7. The 2nd respondent, despite a representation made by the appellant had not considered that aspect of the matter at all. As noticed hereinabove,

a writ petition was filed by the appellant for issuance of a writ of or in the nature of mandamus directing the concerned respondents to admit her to

grant-in-aid as the Andhra University had already approved her appointment in terms of letter dated 14.5.1996 with effect from 25.9.1995.

According to the appellant the said writ petition was withdrawn as the respondent had assured her orally that she would get the reliefs. The order

of this court in the aforementioned writ petition is as follows:

8. Learned counsel for the petitioner seeks permission to withdraw this petition. Permission granted. The petition is dismissed as withdrawn

reserving liberty to the petitioner to file again if required.

9. It, therefore, is evident that liberty had been granted to the appellant to file a writ petition again if required and as such the writ petition could not

have been dismissed on that ground.

10. The 3rd respondent herein had filed a writ petition which was marked as Writ Petition No. 16499 of 1996. By an order dated 3.2.1999 the

said writ petition was disposed of directing:

For the aforesaid reasons and in view of the policy decision of the Government to provide for reservations in teaching and non-teaching staff in

private educational institutions, I consider it appropriate to direct the 1st respondent to reconsider its decision in G.O.Ms.No.254 dated 5.7.1995

and pass an appropriate order admitting the post held by the petitioner also into grant-in-aid w.e.f. the same date as in the case of other lecturers

vide G.O.Ms.No.254 dated 5.7.1995. An appropriate decision in this regard shall be taken by the respondents within three months from the date

of receipt of a copy of this order.

11. Only pursuant to or in furtherance of the said order, G.O. Ms. No. 254 appears to have been reconsidered without considering the intent and

purport of G.O.Ms.

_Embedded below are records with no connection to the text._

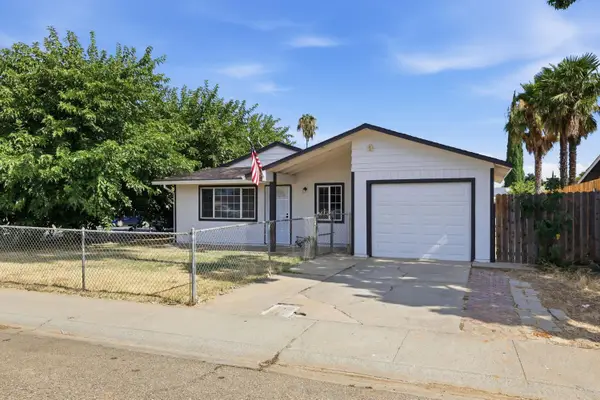 249 Dover Drive, Galt, CA 95632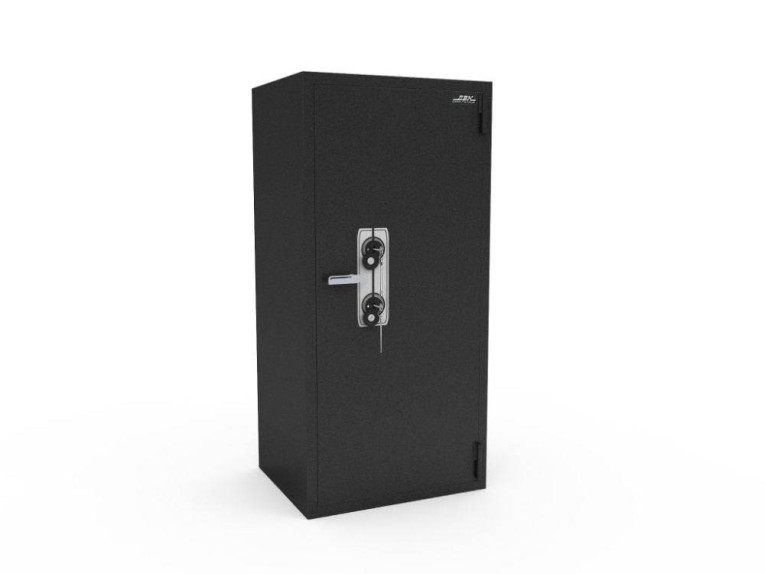 Сейф ЛС-260 БТ купить в Челябинске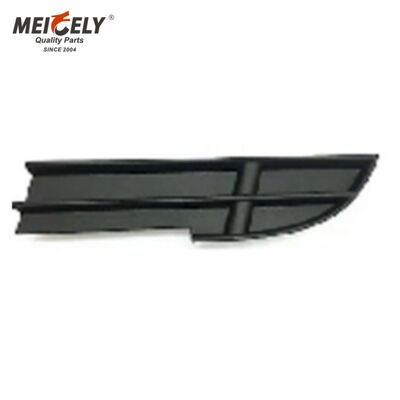 Грузовик высокая панель OE 9618851553L 9618851653R корпус панель подходит для Mercedes-Benz Actros MP4
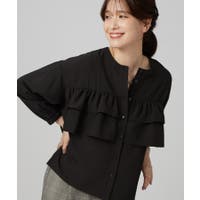 SHOO・LA・RUE（シューラルー）のトップス/シャツ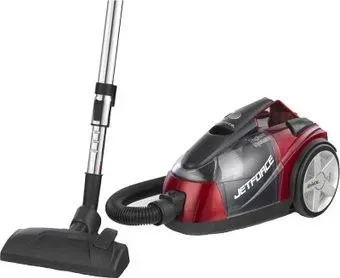 Ariete 2791/2 Jet Force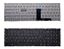 Изображение Keyboard LENOVO: 110-15IBR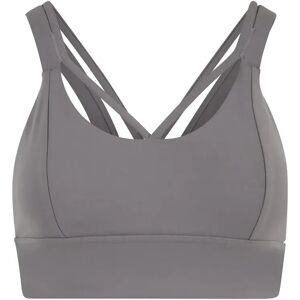 Urban Classics Dames Sport-BH crossed - Sport-BH Urban Classics Dames Sport-BH crossed - Sport-BH
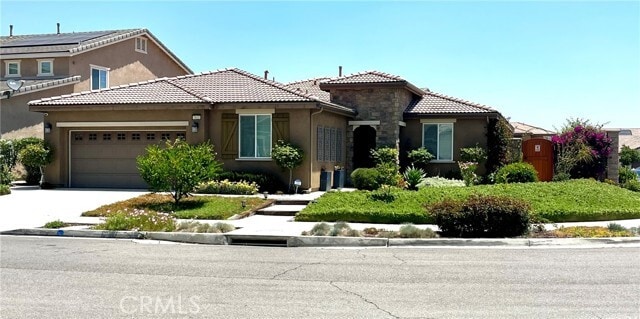 Photo - 7022 Housatonic Ct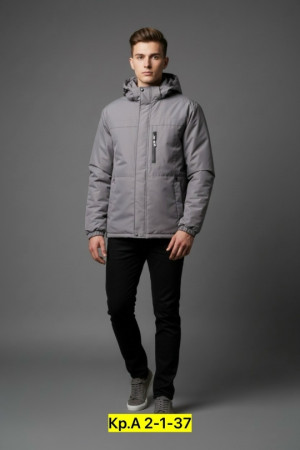 Куртка #23169468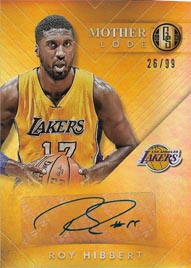 NBA - Los Angeles Lakers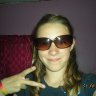 HALIE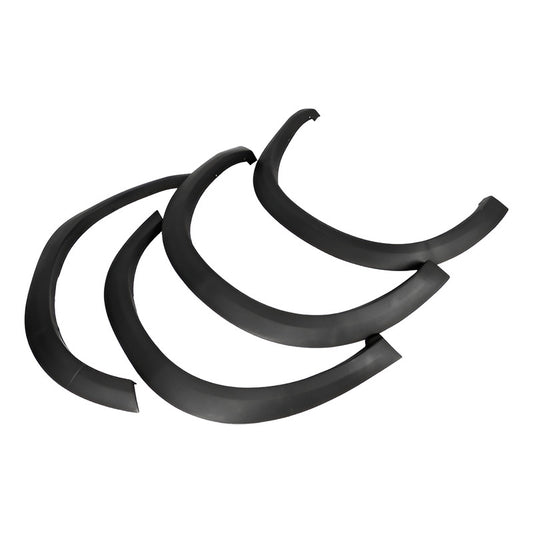 Cantonera Dodge Ram 1500 2009 2010 2011 2012 2013 A 2018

No. 67.

12. As regards the applicability of Articles 15 and 16 of the Constitution the learned counsel for the appellant at the stage of admission has raised a

question which also requires serious consideration.

13. It does not appear that the questions had been considered from these angles and thus the matter requires a fresh consideration at the hands of

the appropriate Bench. We have noticed earlier that the learned counsel for the State has also very fairly stated that the appellant''s case has also

been recommended and the same is awaiting a final order.

14. There appears to be a controversy as to whether in recommending the name of the appellant, a mistake had been committed. A further

question would arise that even if such a mistake had been committed, whether the appellant would be entitled to an opportunity of being heard or

not.

15. The further submission of the learned counsel for the appellant to the effect that grant-in-aid has got nothing to do with implementation of the

reservation policy and therefore the necessity of the college must have a primacy also, in our considered opinion, requires consideration.

16. For the reasons aforementioned, the impugned judgment cannot be sustained which is set aside accordingly. The writ petition is admitted. The

respondents may file counter-affidavit within two weeks. Reply thereto, if any, should be filed within one week thereafter. The parties shall be at

liberty to mention the matter before the appropriate Bench for early hearing and early disposal.